The European Commission (EC) issued regulations in 2003 for imports of Brazil nuts. It was found that in the shells aflatoxin, which is produced by molds, occurs many times more than allowed in the EU. (“Such contamination poses a serious threat to public health in the Community and therefore protective measures must be taken at the Community level.”) According to the European Commission, all imported nuts must now be tested and accompanied by a certificate of origin. This exceeds the possibilities of most South American manufacturers. As a result, the traditional trade in Brazil nuts as a whole declined sharply.

 

Characteristics of Brazil Nut Leaf

Bertholletia excelsa Leaf
Source: inaturalist.org/rickribeiro1

The leaves alternate, clustered at the ends of the branches. The leaves are rough and glabrous, oblong in shape, about 20-40 cm long and 7-15 cm wide. The leaves are pointed or rounded to pointed, the edges of the leaves are wholly or slightly notched and partly wavy. The underside of the leaf looks whitish because it is tightly covered by papillae. The petiole is 2-5.5 cm long.

 

Characteristics of Brazil Nut Flower

Bertholletia excelsa Flower
Source: inaturalist.org/vincentvosriberalta

Inflorescences are usually terminal on branches or arise from leaf axils. The zygomorphic flowers are light yellow to white, about 3 cm in diameter. The petals cover the entire flower bud and open along the gap into two non-overlapping parts, lobes. The six petals form a bowl-shaped flower with the bottom, the top spreading to roll.

The stamens stand together in many rings. Starting from this ring, the hat curls in a hemispherical manner over the lush stamens. Inside, this crest is smooth at first, eventually containing sterile, nectar-producing appendages, such as stamens. Nectar is produced at the attachment point of these appendages. The inferior ovary has many chambers with many ovules.

 

Characteristics of Brazil Nuts

Bertholletia excelsa Fruit
Source: inaturalist.org/charadrius

The fruit is woody, round, about 16 cm in diameter. Each fruit, weighing 500-1500 grams, contains 10-25 seeds in a hard and thick shell.

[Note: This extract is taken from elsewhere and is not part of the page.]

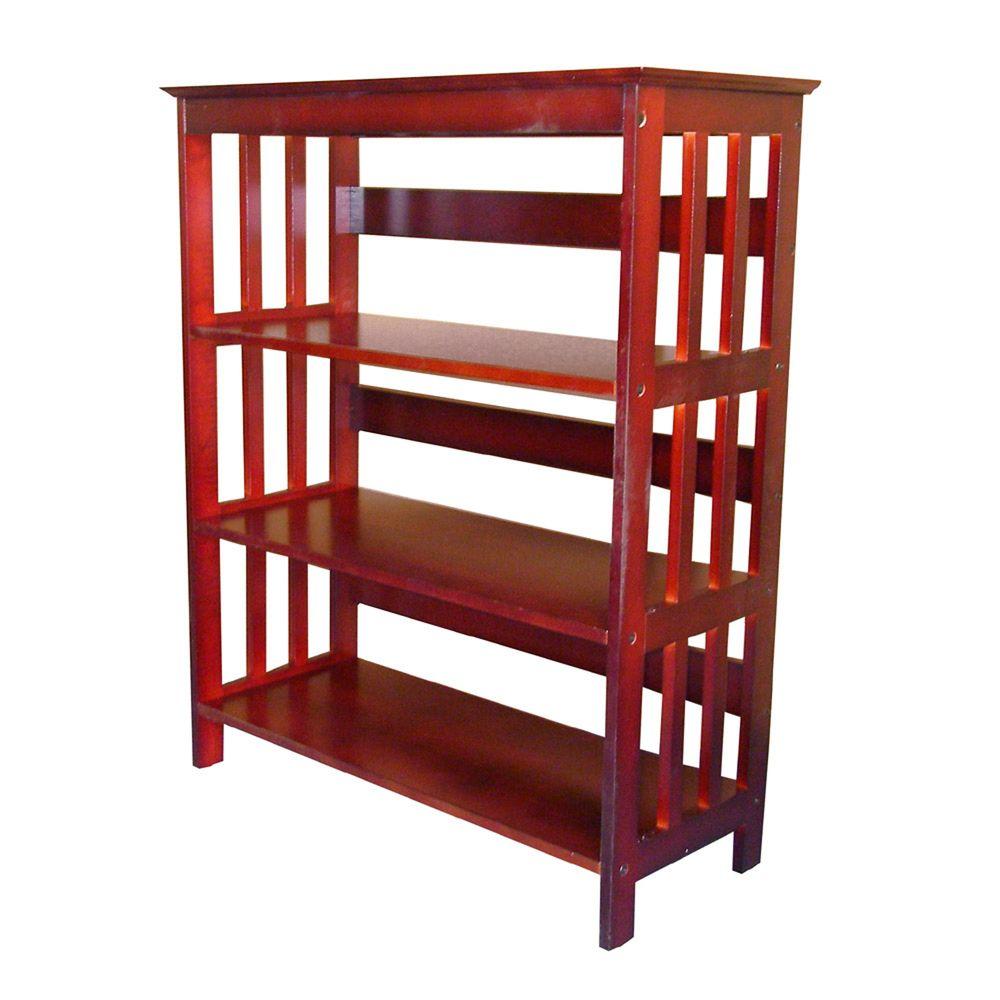 36 In Cherry Wood 3 Shelf Etagere Bookcase With Open Back R5416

Seeds are numerous, or functionally non-opening (pyxidium). Seeds are triangular in size about 2×5 cm and have a woody seed coat. Unlike most related species, it does not have a seed coat.

 

Characteristics of Brazil Nut Tree

Bertholletia excelsa Tree
Source: inaturalist.org/pd_pratt

Brazil nut is a semi-evergreen tree, fast-growing and very large, over 50 meters tall. The trunk is cylindrical with cracked bark, up to 3 meters in diameter, some old trees up to 5 meters in diameter. The wood is pinkish-brown in color and turns light brown when exposed to light. The color of the sapwood is lighter and yellowish.

The Brazil Bean Tree is an example of extractive. Because trees are long-lived and productive during their lifetime.